Each entry should be transcribed exactly as written, and any picture left out.

Captioned web image data:
* * *
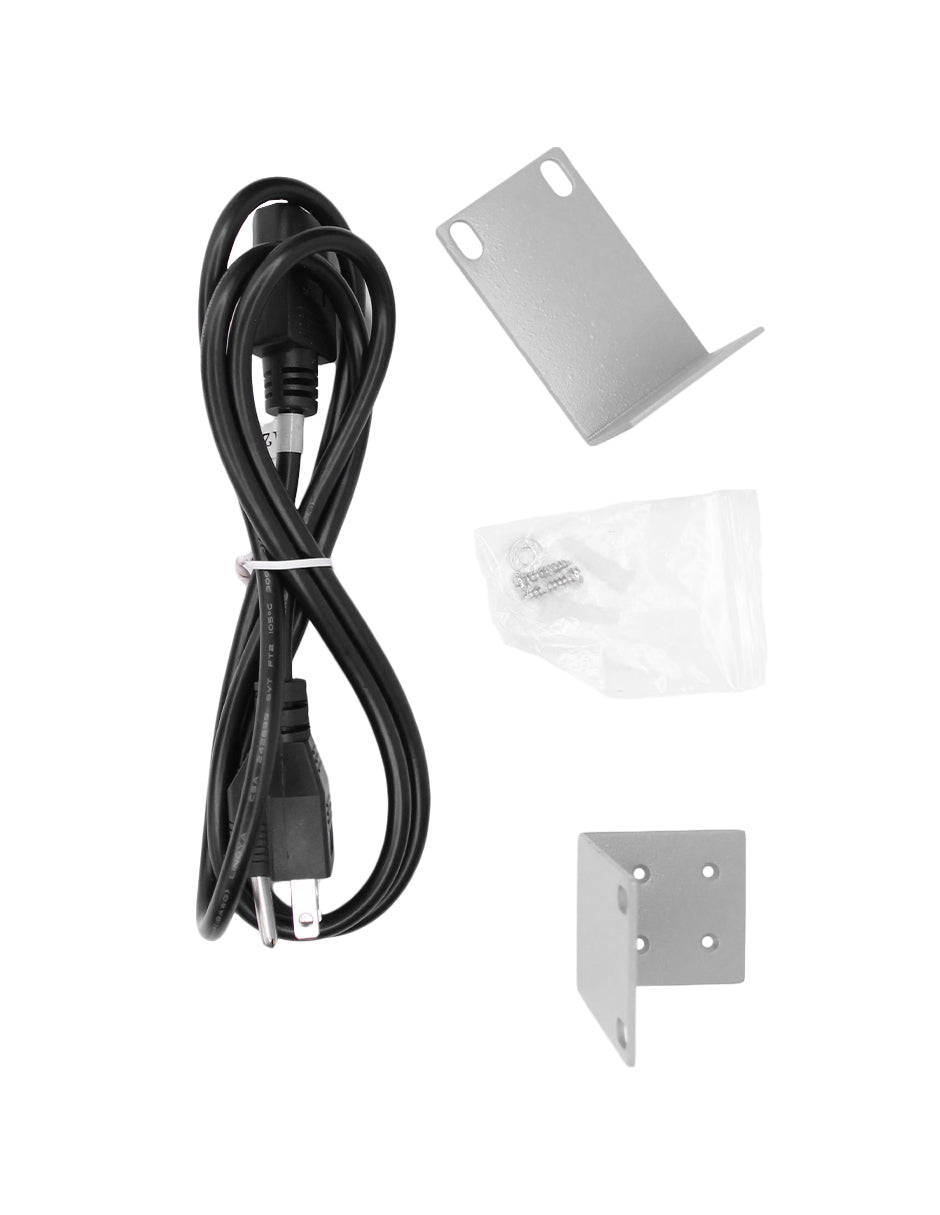 Switch 24 Port Fast Ethernet WebSmart Usado Grado B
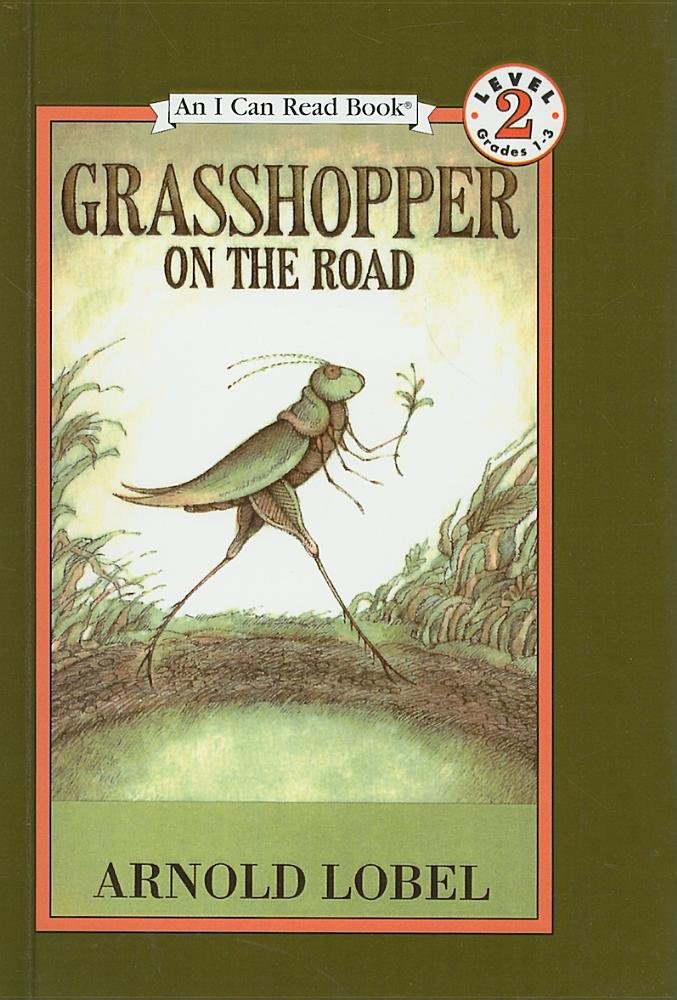 Grasshopper On The Road (I Can Read Books: Level 2),New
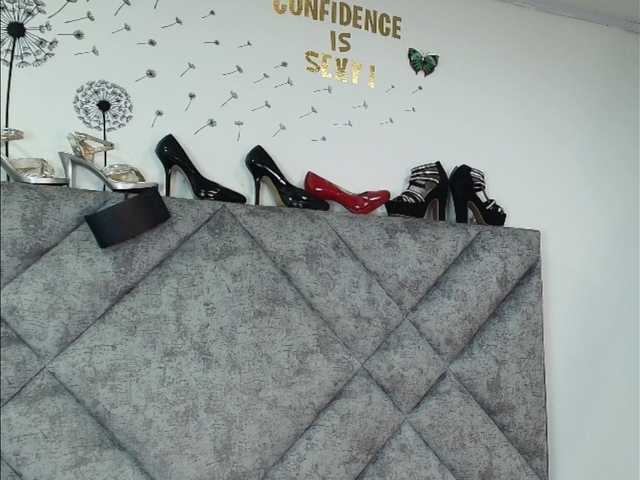 ShanteyLaurent live cam on BongaCams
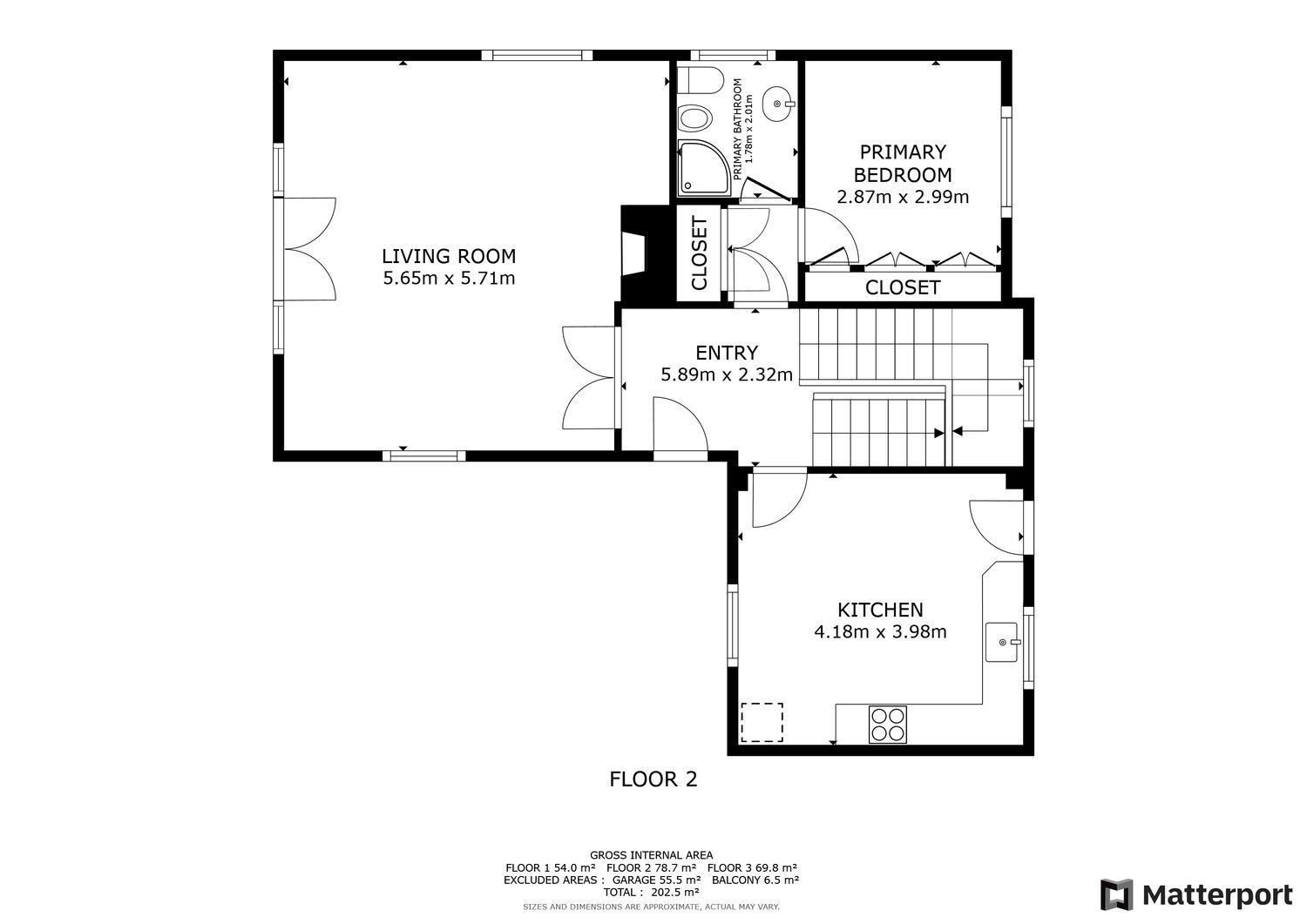 Propiedad en venta en Pontevedra, Gondomar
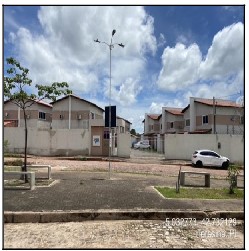 Casa em Teresina, Vale Do Gaviao, Rua Quarenta, N. 7317, Cs 64 Tipo C2 Qd 27 St E, PI. Área: 102.79m2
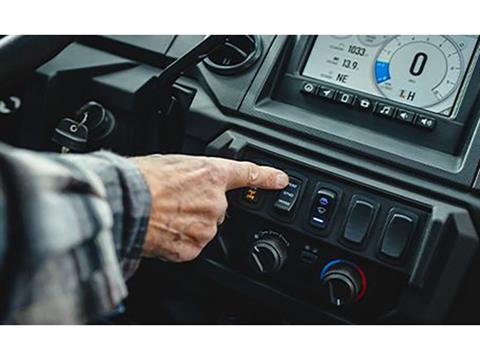 2025 Polaris Ranger Crew XP 1000 NorthStar Edition Premium with Fixed Windshield in Kansas City, Kansas - Photo 5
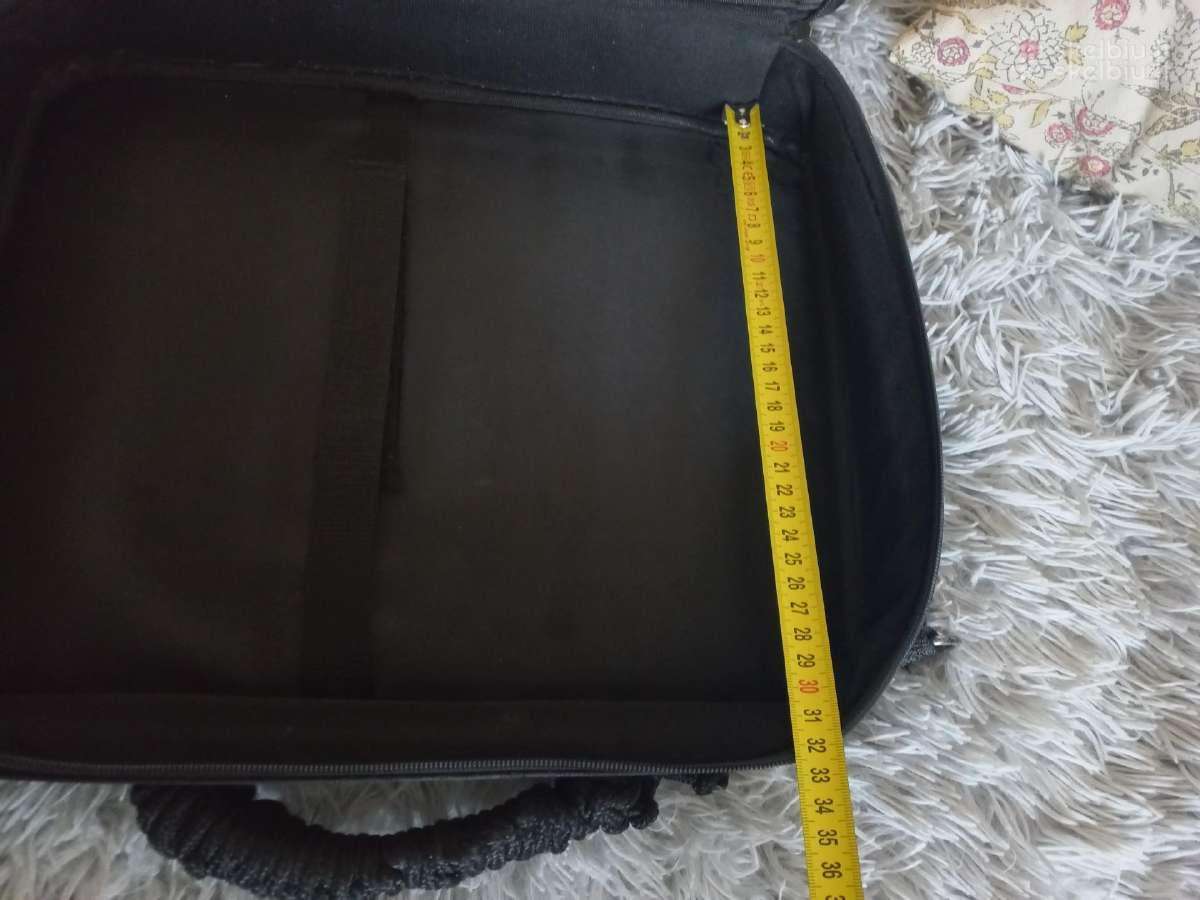 Logitech 15,3'' dydžio kompiuterio krepšys - nuotraukos Nr. 7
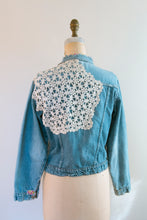 Load image into Gallery viewer, Daisy Jane Denim Jacket
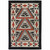Three Mountains Rug - 8 x 10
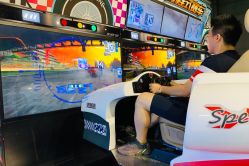 -嗨翻Hi-Fun竞技主题乐园·蹦床团建生日聚会(五棵松华熙店)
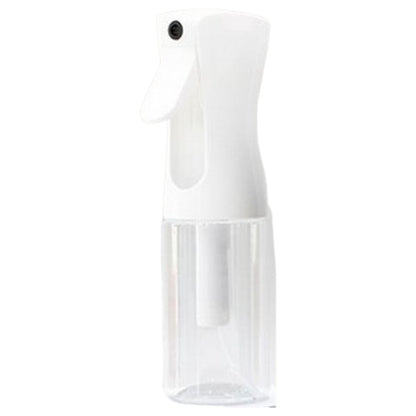 霧吹き ミストスプレー スプレーボトル 詰め替え容器 ガーデニング用品 200ml ホワイト×クリア バリエーション画像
* * *
Answer to this problem >>
 Switch 24 Port Fast Ethernet WebSmart Usado Grado B
 Grasshopper On The Road (I Can Read Books: Level 2),New
 ShanteyLaurent live cam on BongaCams
 Propiedad en venta en Pontevedra, Gondomar
 Casa em Teresina, Vale Do Gaviao, Rua Quarenta, N. 7317, Cs 64 Tipo C2 Qd 27 St E, PI. Área: 102.79m2
 2025 Polaris Ranger Crew XP 1000 NorthStar Edition Premium with Fixed Windshield in Kansas City, Kansas - Photo 5
 Logitech 15,3'' dydžio kompiuterio krepšys - nuotraukos Nr. 7
 Load image into Gallery viewer, Daisy Jane Denim Jacket
Three Mountains Rug - 8 x 10
 -嗨翻Hi-Fun竞技主题乐园·蹦床团建生日聚会(五棵松华熙店)
 霧吹き ミストスプレー スプレーボトル 詰め替え容器 ガーデニング用品 200ml ホワイト×クリア バリエーション画像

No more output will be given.